Once I actually started sorting out the tangle of tomato plants, pumpkin vines, cucumbers and potatoes all growing over and under each other I didn't think about anything else for a couple of hours. Then I stood up straight, slowly extracting bits of my body from the awkward angles required not to step on any plants, and getting stiffly back into the upright position. Then it hit..... hunger... and I gathered my tools and some massive potatoes I had found under the pumpkin vine and headed for the kitchen.

image I grabbed an apple and ate it so I wouldn't collapse on the floor while I put the coffee on. Then I looked at what food I had that would really satisfy this gnawing pain.... there was left over Easter egg, fruit and all sorts of healthy stuff that would not have touched the sides. And then I saw it..... a jar of super crunchy peanut paste.... just bought the other day.... perfect.

And I discovered something interesting.... peanut paste, straight off the knife, goes really well with coffee and a banana. A threesome made to satisfy the biggest hunger....

In fact, when Hugh worked as a crew member of the Duyfken sailing ship, he kept a jar of peanut paste under his pillow so that, when all hands were called in the middle of cold, wild nights in a big sea off Tasmania, he could have the strength to climb the rigging and heave on the ropes.

I am not sure that working in Glenys's garden is quite that rigorous but peanut paste sure fills the corners until lunch time!




This is one of 4 enormous potatoes I dug up today - I could hardly pick it up with one hand .... the biggest one weighed nearly 1 kilogram!







Absolutely breathtaking.... autumn colours in the Adelaide hills and all around me in this garden, every day.

Monday 20 April 2009


The phone conversation went something like this....

"Hey Mum, wanna come round to my place on the weekend?"

"Yeah, that would be nice, Hugh"

"How about Sunday"

"OK....( mother mentally re-arranging her plans....) Can I bring anything?"

" I thought we might get that new bed ready in the garden. Can you bring the wheelbarrow?"

( Mother thinking.... my car is small, the wheel barrow is enormous but hey, I am inventive...) "No problem Hugh.... I might get some seedlings from Diana too, I need some anyway"

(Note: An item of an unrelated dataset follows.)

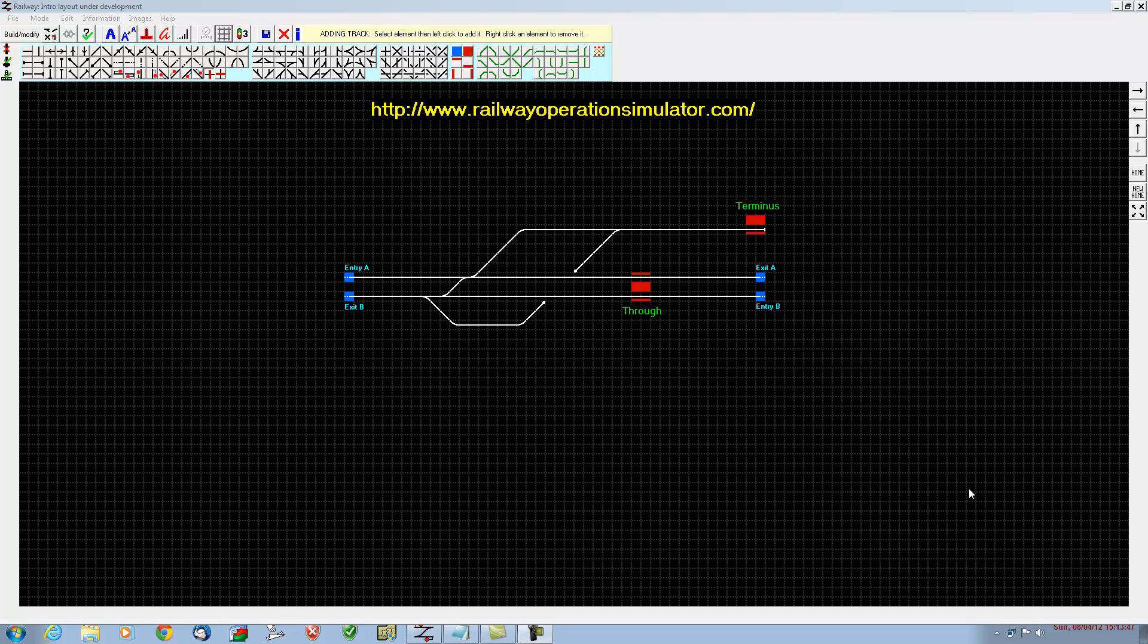Hello and welcome to part 2 of how to design your own layout and timetables using the Railway Operations Simulator, which you can find at this website. There you go, advert over.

"Cool. Thanks Mum, see you then."

Diana had a stall at the the Stirling Autumn Garden Fair on Sunday, so I went for a spin, with the wheelbarrow snuggly fitted into most of my car and various other bits and pieces tucked in around the sides. My fork and spade were there and my whole gardening bag, complete with ho-mi, labels, twine, wire and a multitude of clipping, digging, and planting tools and various screwdrivers and a multi-grip wrench as well as assorted watering system repair odds and ends. I also threw in 2 bags of compost and a loaf of bread.... well, you just never know, when you go to Hugh's!

image Here is Hugh, proud owner of a pile of dead stuff and lots of rubbish...but hey, what are mothers for? image Luckily, this mother came prepared... and got started on the demolition while Hugh did another job...
image Hugh drilled holes in this bin to make an in-situ compost maker.... only I didn't bring any worms.... well, he never said..... image
In place. The herbs are going really well in the bed we made a few months ago
imageThat looks better... but very dry so I asked Hugh to find some pipe so we could use the water from the tank... image Like his mother, Hugh is innovative.... too bad if the pipe is joined to the house..

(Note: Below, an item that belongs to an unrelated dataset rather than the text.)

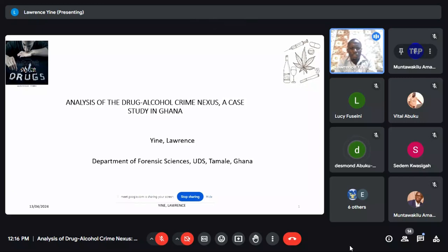We are looking at the analysis of drug, alcohol, and crime measures — a case study in Ghana. Precisely, I did this work at the Kumasi Central Prison, and then with the Ghana Police Service at the Central Police in Kumasi.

A moment later it wasn't....
image image We made channels for the water to run in and held it all in place with the fork.... while we had a drink to cool off...
image Hugh wanted the seedlings in 10 nice neat rows so the insects could eat them faster.... sorry Hugh!
I hate rows and rules... and regulations and governments and....ok that's enough....
We put a sheet over it all to shade it for a few days.... good luck and happy gardening and eating, Hugh.

There is nothing I would rather have done that Sunday than help Hugh get started on a new bed for his vegetables. It is a sweet feeling to have given your children the desire to grow delicious food for themselves. Hugh is a fabulous cook and I am looking forward to a meal or two in the future, using some of these things we planted today.